In [None]:
# !pip install torch torchvision torchaudio --extra-index-url https://download.pytorch.org/whl/cu118
# !pip install peft wandb dataloader datasets huggingface_hub trl flash_attn bitsandbytes
# !pip install -U accelerate

# Fine-Tuning Setup for Models

This script prepares the environment for fine-tuning a causal language model using Hugging Face Transformers and PEFT (Parameter-Efficient Fine-Tuning).

### Key Libraries:
- **Transformers**: Model loading, tokenization, and training utilities.
- **PEFT**: Lightweight LoRA fine-tuning for large models.
- **TRL**: Chat model formatting for reinforcement learning and instruction tuning.
- **Datasets**: Efficient data loading and iteration.
- **Huggingface Hub**: Authentication for model and dataset uploads.
- **Weights & Biases**: Experiment tracking.

### Main Components:
- Load pretrained model and tokenizer.
- Apply LoRA configuration for efficient fine-tuning.
- Set up chat-friendly format if needed.
- Prepare training arguments and trainer for model fine-tuning.




In [None]:
import torch
import wandb
from datasets import IterableDataset, load_dataset
from transformers import (
    AutoModelForCausalLM,
    AutoTokenizer,
    BitsAndBytesConfig,
    TrainingArguments,
    Trainer,
)
from peft import LoraConfig, get_peft_model
from trl import setup_chat_format
from huggingface_hub import login
from torch.utils.data import Dataset

In [None]:
torch.cuda.empty_cache()

In [None]:
!nvidia-smi


In [None]:
"""Make sure you have enough GPU memory to run this notebook. If you have 24GB of GPU memory, you can run the model with 4-bit quantization. If you have 48GB of GPU memory, you can run the model with 8-bit quantization. If you have 80GB of GPU memory, you can run the model with 16-bit quantization. If you have 128GB of GPU memory, you can run the model with 32-bit quantization."""

In [None]:
class CustomTrainer(Trainer):
    def compute_loss(self, model, inputs, return_outputs=False, num_items_in_batch=None):
        input_ids, labels, attention_mask = inputs[0]
        outputs = model(input_ids,labels=labels, attention_mask=attention_mask)
        loss = outputs.loss
        return (loss, outputs) if return_outputs else loss
    
    def prediction_step(self, model, inputs, prediction_loss_only: bool, ignore_keys=None):
        input_ids, labels, attention_mask = inputs[0]

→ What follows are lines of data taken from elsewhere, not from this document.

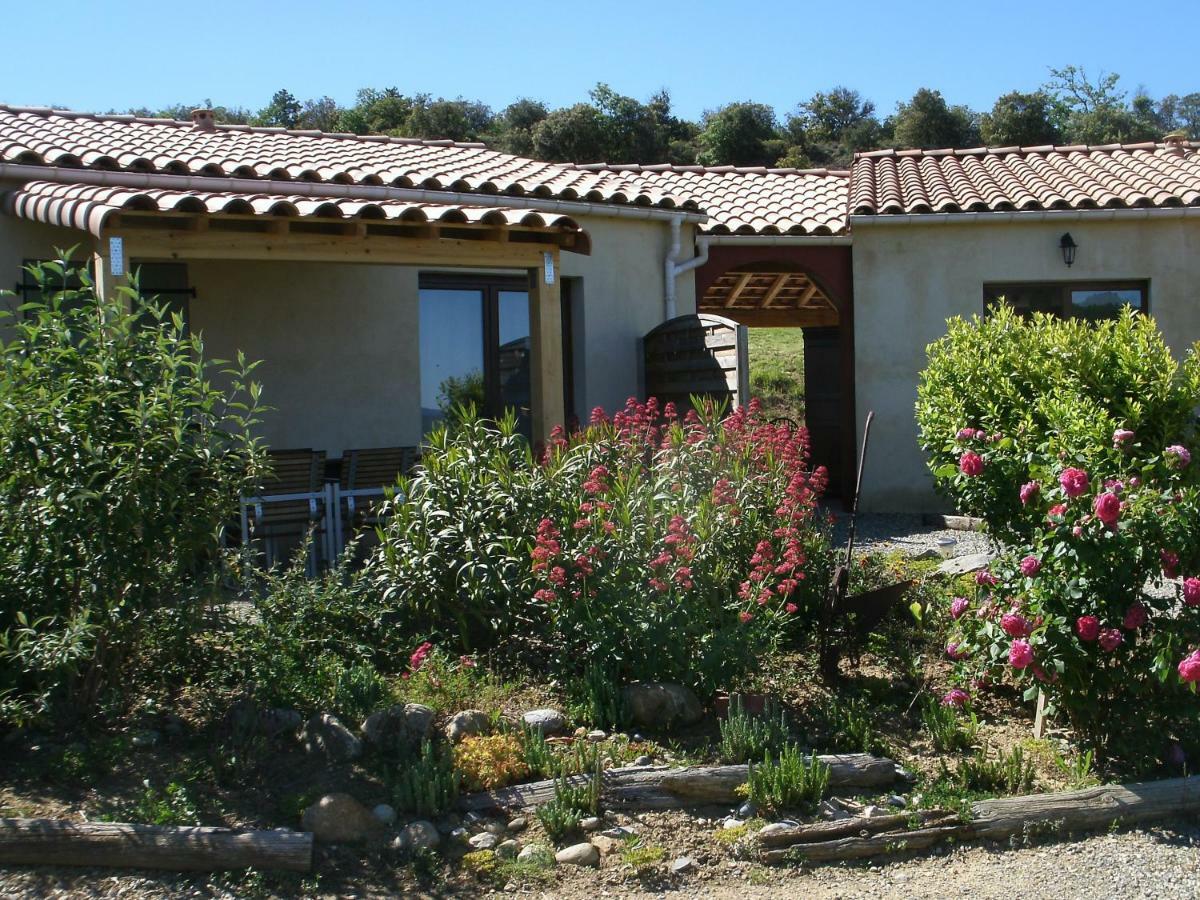 Gites "Entre Les Vignes" Tourreilles Exteriér fotografie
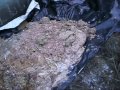 Biochar As a Compost Amendment - Cold Weather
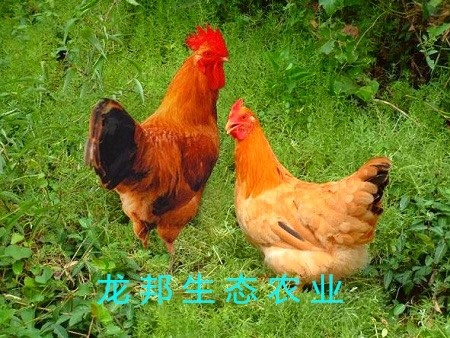 衡阳纯正 青脚土鸡苗 质量可靠 土鸡苗 包技术指导 全国发货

        with torch.no_grad():
            outputs = model(input_ids,labels=labels, attention_mask=attention_mask)
            logits = outputs.logits
            loss = outputs.loss
        return (loss, logits, labels)

In [None]:
class TextDatasetQA(Dataset):
    """
    Dataset class for question-answering tasks.
    This class is used to load and preprocess the dataset for training a model.
    It inherits from the PyTorch Dataset class.
    """
    def __init__(self, tokenizer, max_length=512):
        super(TextDatasetQA, self).__init__()
        self.tokenizer = tokenizer
        self.max_length = max_length
        self.forget_data = datasets.load_dataset('json', data_files='./Dataset/data_v2.json')['train']
        # self.forget_data = datasets.load_dataset('locuslab/TOFU', name='retain90', split='train')

    def __len__(self):
        return len(self.forget_data)

    def __getitem__(self, idx):
        rets = []
        torch.manual_seed(idx)  
        question = self.forget_data[idx]['question']
        answer = self.forget_data[idx]['answers']
        system_prompt = """
        You are a model which is optimized for NER Tagging. The input you receive should be processed word by word, returning the NER tag for each word. You have the following tags available:
        - 'O' for words that are outside of any named entity.
        - 'B-PER' for the beginning of a person's name.
        - 'I-PER' for subsequent words in a person's name.
        - 'B-ORG' for the beginning of an organization's name.
        - 'I-ORG' for subsequent words in an organization's name.
        - 'B-LOC' for the beginning of a location name.
        - 'I-LOC' for subsequent words in a location name.
        - 'B-MISC' for the beginning of a miscellaneous entity.
        - 'I-MISC' for subsequent words in a miscellaneous entity.
        Please return the NER tags for each word in the input you process.
        """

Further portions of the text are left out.